The author considers an element mass dm going from stationary to moving at speed v0 in time dt.
Since the upper rope is moving at speed v0, in time dt it moves to the right v0dt. But that only advances its left hand end by v0dt/2, so dm= λv0dt/2. That's where the v0/2 comes from.
Since that dm went from 0 to v0, its momentum increase was λv02/2 dt. Hence Fdt=λv02/2 dt, so F=λv02/2.
However, if we assume work is conserved we get F=λv02/4. I'll leave it to you to see how.
So which is right?
It's always risky assuming work is conserved, and one can see ways in which losses occur in this set-up.
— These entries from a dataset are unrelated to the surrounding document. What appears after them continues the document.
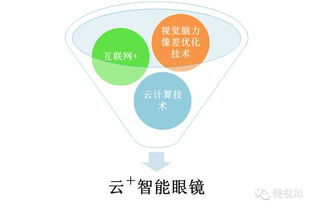 健視加 創(chuàng)新融合互聯(lián)網(wǎng)思維與大數(shù)據(jù)智能，重塑眼健康服務(wù)新范式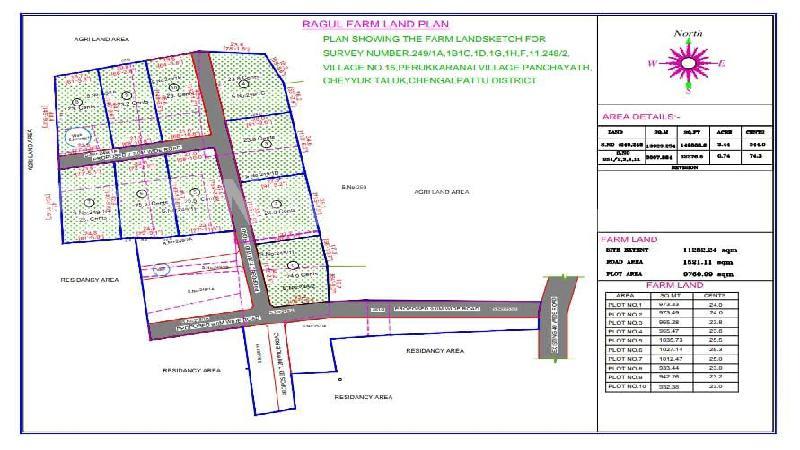 property near by Chengalpattu, Udhayam real estate Chengalpattu, Land-Plots for Sell in Chengalpattu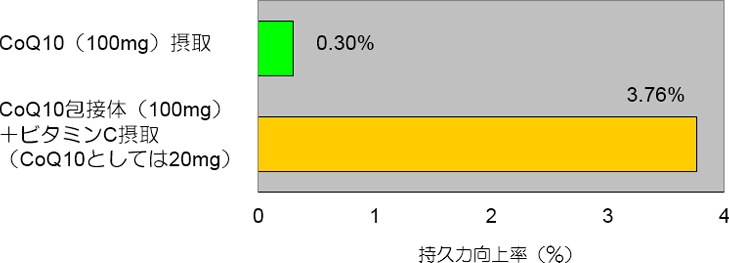 図. 最大酸素摂取量の上昇率(持久力向上率)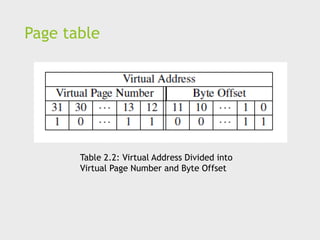 Page table
Table 2.2: Virtual Address Divided into
Virtual Page Number and Byte Offset
 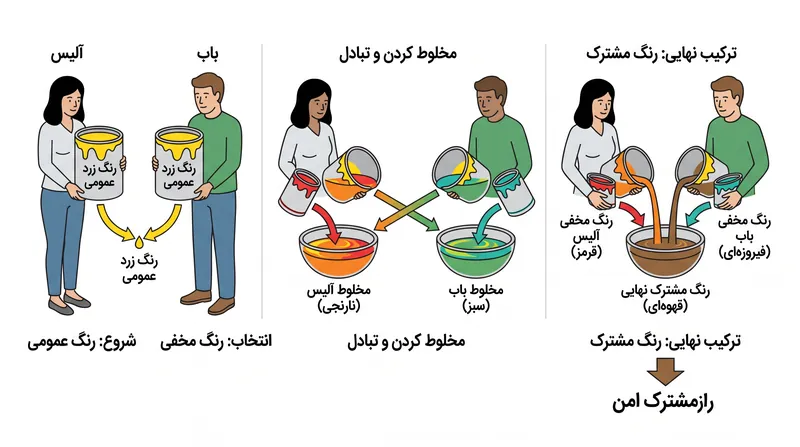 تشبیه ترکیب رنگ‌ها نشان می‌دهد که چگونه دو طرف می‌توانند بدون افشای ورودی‌های خصوصی خود، به یک راز مشترک دست یابند.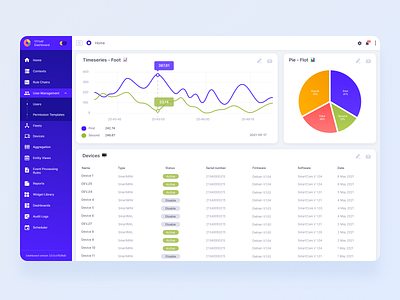 Dashboard Design app art branding chart dashboard design icon logo typography ui ux vector widget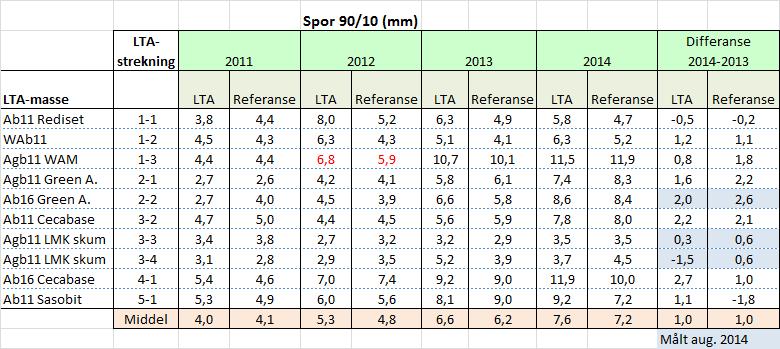 4 Oppsummering av spor- og jevnhetsresultater 4.1 Spormålinger En oppsummering av spormålingsdata er gitt i tabell 4 (90/10-verdier) og tabell 5 (gjennomsnitt).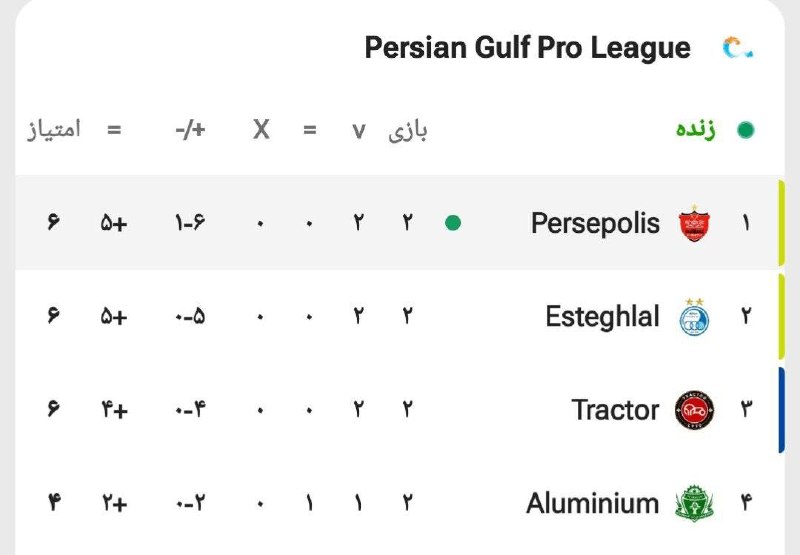 استقلال تهران: وضعیت جدول بعد از پایان هفته دوم@TEHRANESTEGHLAL
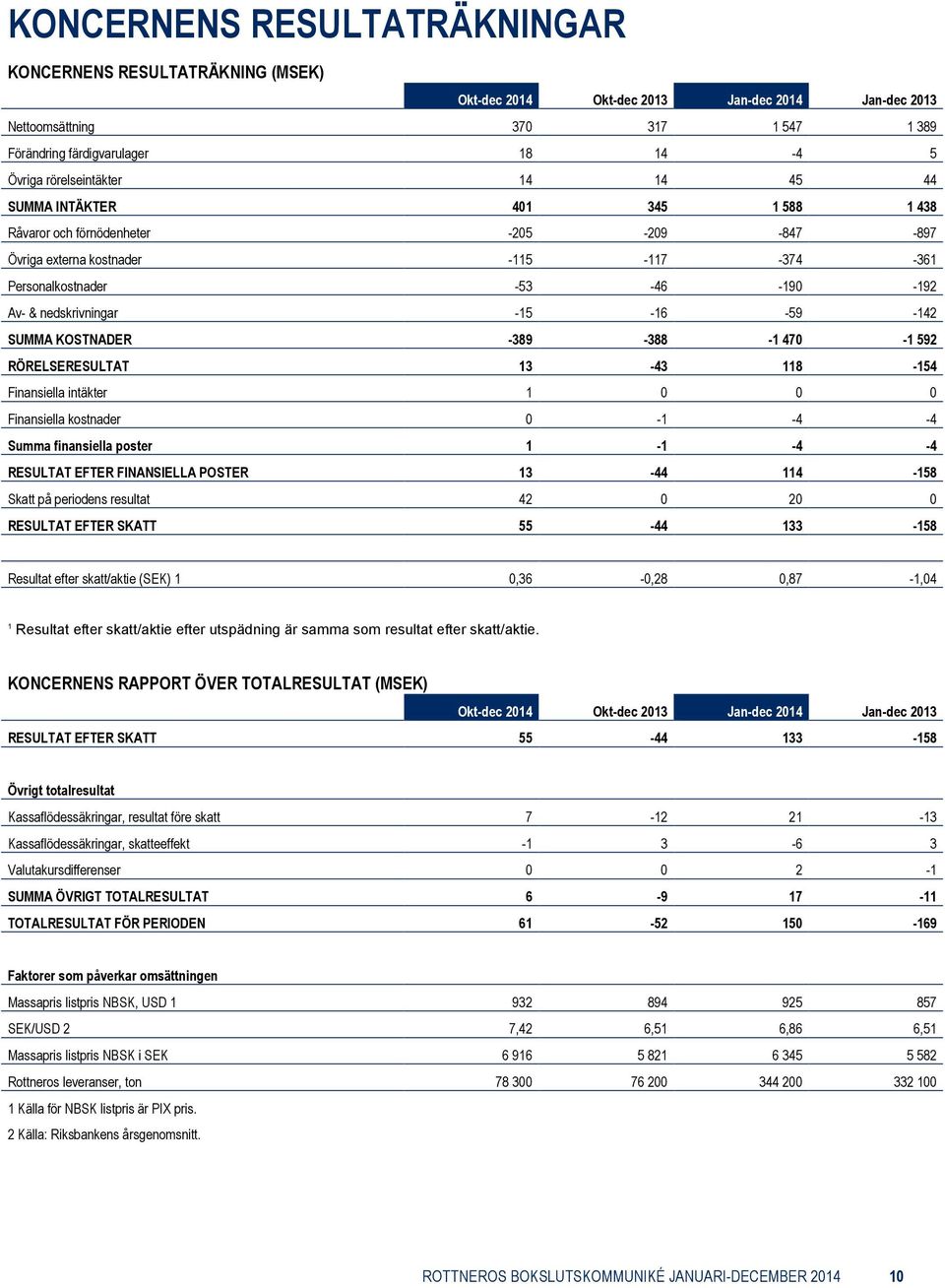 nedskrivningar -15-16 -59-142 SUMMA KOSTNADER -389-388 -1 470-1 592 RÖRELSERESULTAT 13-43 118-154 Finansiella intäkter 1 0 0 0 Finansiella kostnader 0-1 -4-4 Summa finansiella poster 1-1 -4-4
But to lose half the work?
It turns out the momentum argument is flawed. It assumes the length of rope on the table exerts no force on the rising element; but that is surely false. The rising segment has to rotate about its lower end.
If you push one end of a stick lying on a smooth surface at right angles to the stick its centre of rotation is not the other end of the stick, but a point somewhere between there and the middle of the stick. For it to rotate about the end, you need a bit of a push on that end too.
We can deduce that the resting section of rope must exert some tension on the rising element, thereby assisting F.
On balance, I would say option (4) is closer to the truth than option (3).